Automatic selection of the V T–RR combination in mechanically ventilated patients may have additional advantages. Respiratory mechanics are prone to change rapidly in mechanically ventilated ICU patients, and clinicians are unlikely to make the necessary ventilator adjustments at the right moment. Importantly, breath-by-breath evaluation of respiratory mechanics is not easily available at the bedside, and even so it may not be followed by immediate intervention.
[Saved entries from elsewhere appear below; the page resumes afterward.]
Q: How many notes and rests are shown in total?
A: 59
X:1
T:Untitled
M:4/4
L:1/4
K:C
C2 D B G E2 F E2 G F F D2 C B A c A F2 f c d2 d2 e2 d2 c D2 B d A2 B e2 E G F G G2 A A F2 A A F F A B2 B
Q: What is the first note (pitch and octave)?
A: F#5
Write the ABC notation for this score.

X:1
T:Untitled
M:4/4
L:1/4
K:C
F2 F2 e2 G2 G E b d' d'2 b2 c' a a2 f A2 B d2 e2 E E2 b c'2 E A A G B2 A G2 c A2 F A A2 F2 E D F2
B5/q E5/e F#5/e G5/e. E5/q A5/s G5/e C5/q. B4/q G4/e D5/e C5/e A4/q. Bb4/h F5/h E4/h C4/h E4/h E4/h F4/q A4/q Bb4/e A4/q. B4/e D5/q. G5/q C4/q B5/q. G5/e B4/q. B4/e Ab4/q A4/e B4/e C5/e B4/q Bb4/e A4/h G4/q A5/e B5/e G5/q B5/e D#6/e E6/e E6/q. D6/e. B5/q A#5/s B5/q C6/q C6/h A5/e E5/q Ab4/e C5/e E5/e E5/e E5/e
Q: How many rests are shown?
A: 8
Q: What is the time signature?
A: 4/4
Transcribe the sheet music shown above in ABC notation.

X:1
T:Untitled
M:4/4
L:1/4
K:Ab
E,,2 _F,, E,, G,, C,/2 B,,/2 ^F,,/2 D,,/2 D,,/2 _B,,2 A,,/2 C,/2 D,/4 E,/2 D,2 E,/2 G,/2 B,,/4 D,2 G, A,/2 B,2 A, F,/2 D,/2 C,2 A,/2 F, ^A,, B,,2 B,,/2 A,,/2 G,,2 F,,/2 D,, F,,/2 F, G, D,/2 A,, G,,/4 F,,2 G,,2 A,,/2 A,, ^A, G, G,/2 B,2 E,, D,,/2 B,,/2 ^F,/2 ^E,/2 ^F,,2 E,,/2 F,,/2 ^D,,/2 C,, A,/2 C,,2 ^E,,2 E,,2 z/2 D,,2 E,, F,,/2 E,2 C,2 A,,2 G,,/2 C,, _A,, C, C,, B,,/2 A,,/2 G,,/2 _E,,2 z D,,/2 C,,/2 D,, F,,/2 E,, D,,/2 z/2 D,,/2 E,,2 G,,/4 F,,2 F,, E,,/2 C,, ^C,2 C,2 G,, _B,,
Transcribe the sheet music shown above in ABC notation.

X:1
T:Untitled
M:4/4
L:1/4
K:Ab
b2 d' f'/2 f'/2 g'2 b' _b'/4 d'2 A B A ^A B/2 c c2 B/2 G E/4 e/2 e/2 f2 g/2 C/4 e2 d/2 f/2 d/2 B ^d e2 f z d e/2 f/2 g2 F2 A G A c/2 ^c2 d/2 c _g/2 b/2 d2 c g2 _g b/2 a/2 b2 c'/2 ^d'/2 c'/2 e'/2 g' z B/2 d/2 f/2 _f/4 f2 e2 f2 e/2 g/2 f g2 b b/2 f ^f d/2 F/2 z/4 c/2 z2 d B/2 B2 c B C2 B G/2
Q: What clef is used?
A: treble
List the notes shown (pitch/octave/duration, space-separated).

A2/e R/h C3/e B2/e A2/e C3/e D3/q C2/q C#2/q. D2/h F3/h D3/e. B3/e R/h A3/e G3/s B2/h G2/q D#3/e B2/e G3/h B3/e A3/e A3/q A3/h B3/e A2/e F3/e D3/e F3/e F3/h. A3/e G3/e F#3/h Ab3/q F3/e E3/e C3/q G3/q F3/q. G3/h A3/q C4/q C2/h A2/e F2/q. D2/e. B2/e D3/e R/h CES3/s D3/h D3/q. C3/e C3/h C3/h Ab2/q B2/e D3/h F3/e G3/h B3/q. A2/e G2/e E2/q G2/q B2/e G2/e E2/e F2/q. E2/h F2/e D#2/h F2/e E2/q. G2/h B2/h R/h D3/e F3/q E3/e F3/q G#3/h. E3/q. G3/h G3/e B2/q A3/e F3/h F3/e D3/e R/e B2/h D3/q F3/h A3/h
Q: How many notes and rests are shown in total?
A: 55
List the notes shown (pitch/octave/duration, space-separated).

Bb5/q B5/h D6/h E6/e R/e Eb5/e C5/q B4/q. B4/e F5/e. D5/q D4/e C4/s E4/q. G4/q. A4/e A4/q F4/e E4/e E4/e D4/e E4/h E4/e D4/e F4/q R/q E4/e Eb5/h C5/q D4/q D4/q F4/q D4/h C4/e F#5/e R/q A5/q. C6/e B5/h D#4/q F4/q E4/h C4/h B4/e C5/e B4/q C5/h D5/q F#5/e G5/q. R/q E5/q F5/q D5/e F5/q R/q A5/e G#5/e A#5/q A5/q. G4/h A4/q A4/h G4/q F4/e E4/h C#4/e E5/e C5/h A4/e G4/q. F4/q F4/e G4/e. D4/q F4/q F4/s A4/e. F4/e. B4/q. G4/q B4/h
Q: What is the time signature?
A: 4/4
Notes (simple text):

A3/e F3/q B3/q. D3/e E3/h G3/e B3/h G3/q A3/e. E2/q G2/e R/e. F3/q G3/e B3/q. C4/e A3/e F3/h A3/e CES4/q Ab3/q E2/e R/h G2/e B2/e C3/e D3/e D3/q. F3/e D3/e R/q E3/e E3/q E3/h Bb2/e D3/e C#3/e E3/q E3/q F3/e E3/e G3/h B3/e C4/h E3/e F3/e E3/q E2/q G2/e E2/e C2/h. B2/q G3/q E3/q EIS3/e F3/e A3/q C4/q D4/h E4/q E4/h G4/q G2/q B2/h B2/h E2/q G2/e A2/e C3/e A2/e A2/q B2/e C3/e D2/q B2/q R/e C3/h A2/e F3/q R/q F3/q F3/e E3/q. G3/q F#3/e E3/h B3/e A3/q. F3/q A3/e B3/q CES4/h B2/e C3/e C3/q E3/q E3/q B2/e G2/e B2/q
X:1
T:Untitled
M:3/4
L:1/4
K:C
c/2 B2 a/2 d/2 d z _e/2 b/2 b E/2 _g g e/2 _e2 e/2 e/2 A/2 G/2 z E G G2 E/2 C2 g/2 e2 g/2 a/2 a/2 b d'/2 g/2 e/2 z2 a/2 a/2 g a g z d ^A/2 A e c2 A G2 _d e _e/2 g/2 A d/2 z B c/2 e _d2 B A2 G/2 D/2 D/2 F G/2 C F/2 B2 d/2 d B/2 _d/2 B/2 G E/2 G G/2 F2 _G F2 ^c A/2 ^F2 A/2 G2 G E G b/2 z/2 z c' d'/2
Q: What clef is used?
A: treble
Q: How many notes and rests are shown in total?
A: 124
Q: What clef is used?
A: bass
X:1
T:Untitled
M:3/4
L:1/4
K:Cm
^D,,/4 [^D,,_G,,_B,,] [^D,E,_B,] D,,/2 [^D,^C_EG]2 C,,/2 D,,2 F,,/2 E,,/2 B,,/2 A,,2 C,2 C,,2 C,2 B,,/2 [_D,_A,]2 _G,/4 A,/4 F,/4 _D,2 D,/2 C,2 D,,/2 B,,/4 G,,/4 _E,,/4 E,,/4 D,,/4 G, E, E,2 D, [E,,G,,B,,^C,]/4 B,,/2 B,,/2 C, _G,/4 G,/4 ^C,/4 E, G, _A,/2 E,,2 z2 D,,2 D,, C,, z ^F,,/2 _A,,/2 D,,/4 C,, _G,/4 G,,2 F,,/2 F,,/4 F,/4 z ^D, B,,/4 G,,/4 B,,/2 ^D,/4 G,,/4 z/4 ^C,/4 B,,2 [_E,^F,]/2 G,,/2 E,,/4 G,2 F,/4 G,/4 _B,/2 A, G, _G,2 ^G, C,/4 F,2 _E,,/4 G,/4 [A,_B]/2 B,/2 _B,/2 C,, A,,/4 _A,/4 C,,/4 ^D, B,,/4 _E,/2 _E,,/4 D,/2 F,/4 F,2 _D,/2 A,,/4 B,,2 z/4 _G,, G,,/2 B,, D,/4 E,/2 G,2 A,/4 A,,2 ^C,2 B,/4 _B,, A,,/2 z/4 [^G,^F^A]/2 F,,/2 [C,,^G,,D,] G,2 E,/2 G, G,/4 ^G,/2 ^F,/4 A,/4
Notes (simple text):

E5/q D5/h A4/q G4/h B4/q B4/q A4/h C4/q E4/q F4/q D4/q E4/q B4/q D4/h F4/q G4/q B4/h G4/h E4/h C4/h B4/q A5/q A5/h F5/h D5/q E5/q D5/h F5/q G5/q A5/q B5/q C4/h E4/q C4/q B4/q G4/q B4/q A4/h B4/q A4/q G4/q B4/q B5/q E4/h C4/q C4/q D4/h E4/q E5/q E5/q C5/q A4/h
Publications showing the beneficial effects of any type of automatic ventilation are rare indeed, but the few available ones suggest the possibility of shortening the duration of ventilation, the duration of weaning, and the number of ventilator manipulations [2830]. The number of clinician interventions to modify the settings was not collected in the present study, but previous investigation found that the use of ASV resulted in fewer manipulations in cardiac postoperative patients [28].

In conclusion, this observational study confirms ASV ability to select different V T–RR combinations based on respiratory mechanics in passive mechanically ventilated patients. In actively breathing patients the differences of V T–RR combinations associated with ASV were less clear despite different RCexp values. In the present study we report the possibility of using ASV as a quasi exclusive mode of ventilation, a strategy that needs to be further evaluated.